_YOUR INSTRUCTIONS:_
Transcribe exactly the first line of the listing below and each line that follows it, ending with the line that contains "دکتر ستون فقرات در وکیل آباد مشهد", and omit the remainder.

+===+

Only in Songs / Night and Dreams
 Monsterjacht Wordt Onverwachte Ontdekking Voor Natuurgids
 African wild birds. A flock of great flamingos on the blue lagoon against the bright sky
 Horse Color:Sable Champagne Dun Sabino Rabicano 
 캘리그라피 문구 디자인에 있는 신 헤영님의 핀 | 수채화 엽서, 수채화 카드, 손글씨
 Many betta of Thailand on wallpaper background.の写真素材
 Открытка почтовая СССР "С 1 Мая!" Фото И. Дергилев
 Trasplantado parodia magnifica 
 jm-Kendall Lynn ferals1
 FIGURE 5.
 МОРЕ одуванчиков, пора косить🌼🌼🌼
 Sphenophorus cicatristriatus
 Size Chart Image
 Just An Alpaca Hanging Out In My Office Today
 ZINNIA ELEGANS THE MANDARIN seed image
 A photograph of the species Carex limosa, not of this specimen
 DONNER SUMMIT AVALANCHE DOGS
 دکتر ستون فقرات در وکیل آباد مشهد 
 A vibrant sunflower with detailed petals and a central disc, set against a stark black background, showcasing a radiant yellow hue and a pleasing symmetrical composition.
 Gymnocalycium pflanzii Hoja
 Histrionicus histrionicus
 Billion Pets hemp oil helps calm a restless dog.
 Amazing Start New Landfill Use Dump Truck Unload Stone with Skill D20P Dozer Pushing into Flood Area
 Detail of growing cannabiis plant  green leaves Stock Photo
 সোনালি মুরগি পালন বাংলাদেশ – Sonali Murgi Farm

+===+

_TASK RESULT:_
Only in Songs / Night and Dreams
 Monsterjacht Wordt Onverwachte Ontdekking Voor Natuurgids
 African wild birds. A flock of great flamingos on the blue lagoon against the bright sky
 Horse Color:Sable Champagne Dun Sabino Rabicano 
 캘리그라피 문구 디자인에 있는 신 헤영님의 핀 | 수채화 엽서, 수채화 카드, 손글씨
 Many betta of Thailand on wallpaper background.の写真素材
 Открытка почтовая СССР "С 1 Мая!" Фото И. Дергилев
 Trasplantado parodia magnifica 
 jm-Kendall Lynn ferals1
 FIGURE 5.
 МОРЕ одуванчиков, пора косить🌼🌼🌼
 Sphenophorus cicatristriatus
 Size Chart Image
 Just An Alpaca Hanging Out In My Office Today
 ZINNIA ELEGANS THE MANDARIN seed image
 A photograph of the species Carex limosa, not of this specimen
 DONNER SUMMIT AVALANCHE DOGS
 دکتر ستون فقرات در وکیل آباد مشهد 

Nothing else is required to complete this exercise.